Saturday, April 21, 2018

Comics Lust 4/21/2018

Welcome back, Donist World Denizens! For those of you new to our site, I’m Donist, and I am joined by Donist World CFO the Reverse Obie* (my friends’ Boston terrier whose fur recently swapped colors) and by our marketing director/administrative assistant/party planner/fellow mourner Tulip (my dog, Reverse Obie’s sister). No goofy intro this week. My uncle, Gordon, died last night from cancer complications. By the time it had been detected in late 2017, it was too far advanced, but he chose to fight it anyways. Sadly, the cancer won. He was a good, kind, and well-loved man, and I am happy we were able to reconnect over the past few years. Rest in peace, Gordon. So, be kind to each other, mind your health, keep your pets safe, cherish the ones you love, hydrate, and read some great comics. Thank you for reading!

*Obie, through his dabbling in arcane magiks mixed with ancient corrupt business practices, has had not just the colors of his fur switched, but a complete overhaul of his work ethic as well…I think I’m kinda okay with the mishap.

Not sure what “Comics Lust” is about? Take a look at the Introduction to “Comics Lust” post or take a look at the static “Comics Lust Table of Contents” page to jump to a topic.

Comics Lust

Thanos 101: Intro to The Mad Titan (Part 1)

Hello, class, and welcome to “Thanos 101,” a 300-week course exploring everything that is the Mad Titan Thanos.

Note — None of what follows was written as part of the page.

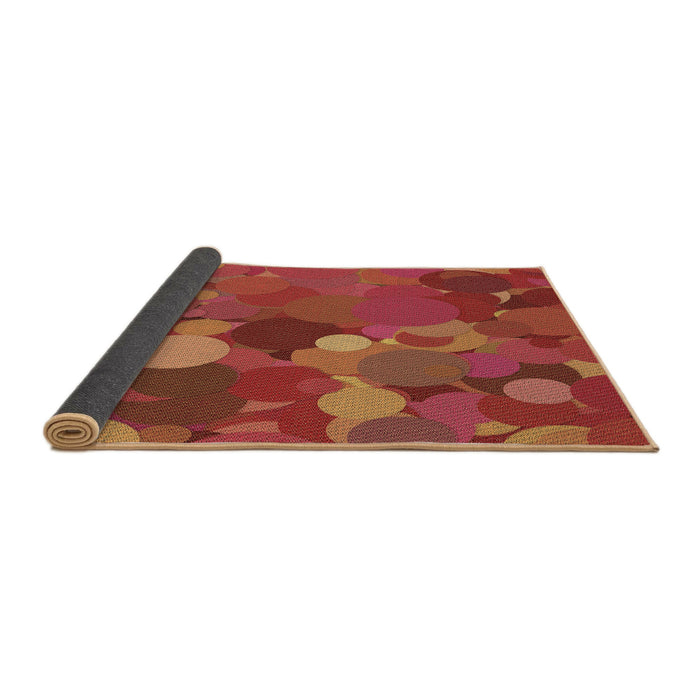 Thickness of Patterned Bright Orange Rug, pat1062brn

We will discover everything from his humble beginnings as a Death-obsessed toddler, to his awkward teens, to his first time behind the wheel of a helicopter (don’t ask, #NotMyThanos), to his rebellious “hippy” phase in college, to his coming full circle to become the notorious Death-obsessed adult he is today. We will learn his likes (walks on the beach with his honey, Mistress Death), dislikes (pushy superheroes who don’t want to be killed by him), and pet peeves (again, pushy superheroes who don’t want to be killed by him). Please pull your syllabus from your Trapper Keeper and let’s take a look at the required reading list from writer/artist extraordinaire Jim Starlin. This list—in order of original release—will more than prepare you for the Avengers: Infinity War film that releases April 23, 2018. Best get studyin’, Denizens.

Avengers Versus Thanos

(Primarily written and illustrated by Jim Starlin, published by Marvel Comics in 2013)
If you really want to go deep on the villainous Thanos and can only pick up one book, then this is the one to buy. At 472 pages, you get his first appearance (from back in 1973), Drax the Destroyer’s first appearance, a crucial revamp of the character Adam Warlock that made him one of my all-time favorite Marvel characters, plenty of Captain Marvel, the Cosmic Cube, Infinity Stones, and of course the Avengers and Spider-Man. This is it. This is the big kahuna. With the stories written by Starlin and/or featuring his gorgeous, trippy art, you’ll definitely want to start here.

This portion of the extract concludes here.